While the House was eventually shamed into action on one of the bills, the Senate stood on the sidelines. Opportunities like this represent just what the party needs, as evidenced by the messaging mess in Indiana: a low-stakes test drive of important arguments to give lawmakers the rhetorical skills necessary to succeed in debates of higher consequence.
However much politicians want to avoid this fight, it is not one they can wish away. The alternative is not the status quo, but a slippery slope leading to the end of religious liberty as we know it. For all the Left’s insistence that opportunistic conservatives have for years been picking a battle over marriage for cynical political advantage, this is simply not true. Conservatives never sought a debate over marriage; rather, it has been the self-styled progressive Left that has labored relentlessly to move the goalposts. What at least some conservatives have long recognized, however, is that these questions cannot be ignored; the slippery slopes all too often derided by critics are very real.

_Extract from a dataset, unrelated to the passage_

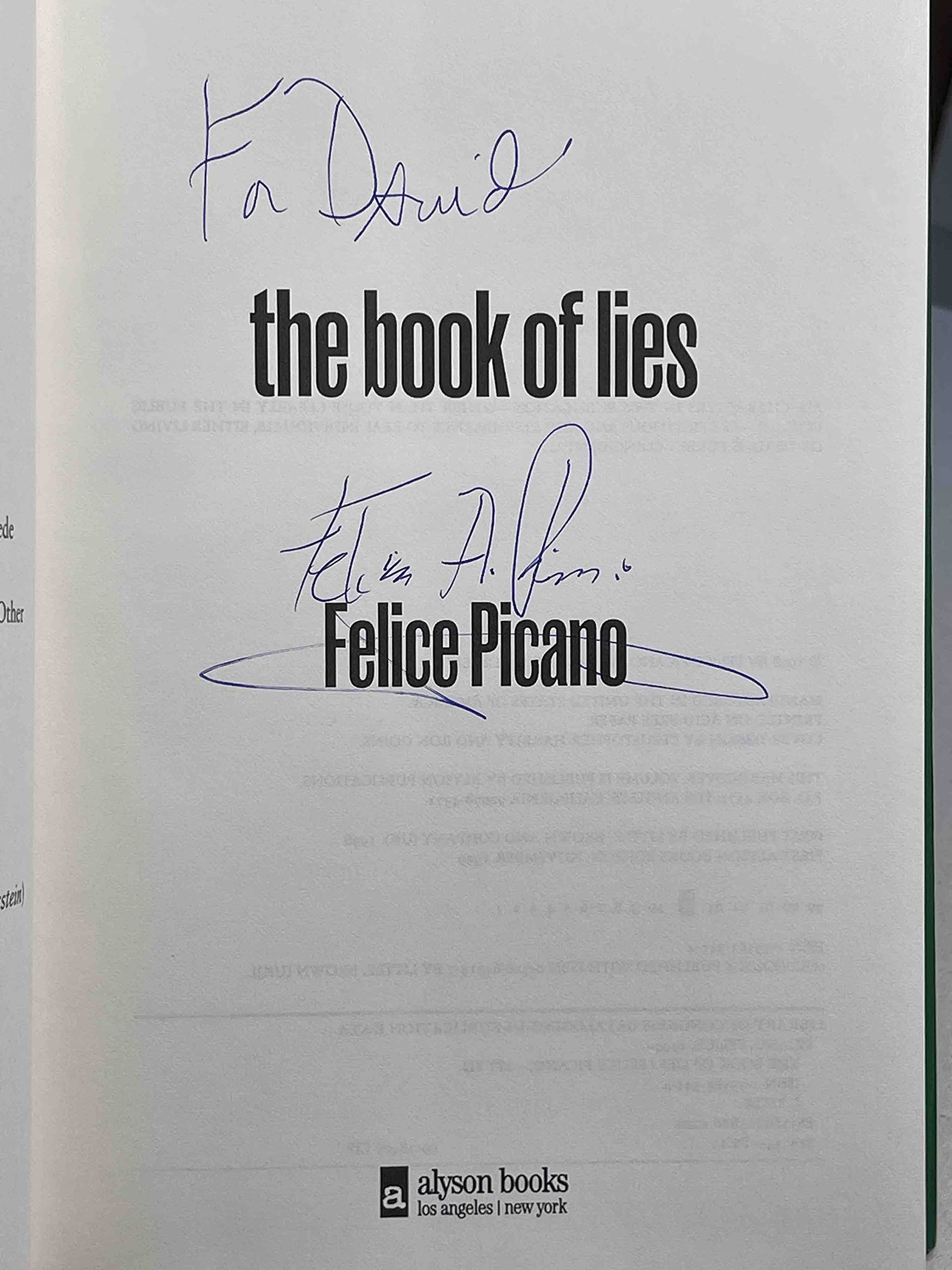 The Book of Lies: A Novel used book depot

It is worth recalling that, back in 1997, Andrew Sullivan insisted that, “whatever your assumptions about liberal judges, the right to marry and the right to adopt are logically, politically, and legally separate issues.” Even if he sincerely believed that almost twenty years ago, he nevertheless has proved to be quite wrong. The underlying false principles on which the judicial redefinition of marriage depends—that objections to redefinition are irrational unless rooted in animus—dictate what occurred in the first state to legalize same-sex marriage: the expulsion of the Catholic Church from the adoption business in Massachusetts.
This battle is coming soon to communities all across America. Churchgoers are asking themselves if their wedding halls will be forced by the government to host same-sex weddings and receptions. School administrators are re-evaluating curricula out of concern for their tax-exempt status. Purveyors of wedding services who see their businesses as extensions of their church communities are now questioning their choice of vocation. This is not the America our founders passed down to us. Who can fail to notice the irony that to lose this struggle is to spite the spirits of those who crossed the ocean to found this society, and whose lived beliefs infused it with the virtues that have allowed America to become, on balance, both good and great?

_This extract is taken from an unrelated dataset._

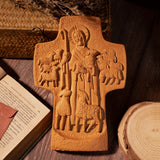 Good Shepherd Crucifix Wood Carving Religious Gift - Endless Care and Guidance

Social conservatives knew years ago that the redefinition of marriage would be the first of several dominoes to fall. But they must not now concede total defeat because they have lost on one question before the Supreme Court. The nation remains divided on marriage, and the Left seeks to force on all the views held by some. It is still within the power of social conservatives to repair our pluralistic fabric by embracing a true diversity of opinion on this important issue and protecting those whose views have fallen out of favor in elite circles. That can happen, however, only if political leaders are willing to take on this debate. Evidently, we the people nowadays must force this task on them.
1One such bizarre attempt is Richard Beck, We Believe the Children (PublicAffairs, 2015), which argues, somehow, that the traditional family is the worst way to raise children.
2Erickson describes the process by which the left’s cultural assault will encounter even those who have no interest in the politics of same-sex marriage in You Will Be Made to Care (Regnery, 2016).